▶ **SUPPLIED RECORDS**
- - -
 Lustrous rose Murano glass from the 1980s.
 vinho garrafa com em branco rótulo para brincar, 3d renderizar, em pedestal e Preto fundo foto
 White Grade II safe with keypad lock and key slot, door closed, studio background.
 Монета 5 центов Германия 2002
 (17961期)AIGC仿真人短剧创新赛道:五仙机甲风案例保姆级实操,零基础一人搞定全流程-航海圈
- - -
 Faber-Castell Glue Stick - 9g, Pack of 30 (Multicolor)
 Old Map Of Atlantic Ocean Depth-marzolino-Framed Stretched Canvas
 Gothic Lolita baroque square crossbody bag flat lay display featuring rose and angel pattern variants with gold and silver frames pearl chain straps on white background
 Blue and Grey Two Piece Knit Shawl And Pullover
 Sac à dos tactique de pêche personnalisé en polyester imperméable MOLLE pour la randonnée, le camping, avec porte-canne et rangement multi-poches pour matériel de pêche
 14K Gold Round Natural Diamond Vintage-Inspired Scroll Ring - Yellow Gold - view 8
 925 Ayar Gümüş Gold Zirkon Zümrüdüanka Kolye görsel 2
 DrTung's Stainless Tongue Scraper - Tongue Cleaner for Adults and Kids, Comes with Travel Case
- - -
▶ **AIM OF THE TASK**
Among the entries above, locate the lines containing "925 Ayar Gümüş" and "DrTung's Stainless Tongue", and transcribe exactly those two lines and all lines between.

▶ **YOUR RESPONSE**
 925 Ayar Gümüş Gold Zirkon Zümrüdüanka Kolye görsel 2
 DrTung's Stainless Tongue Scraper - Tongue Cleaner for Adults and Kids, Comes with Travel Case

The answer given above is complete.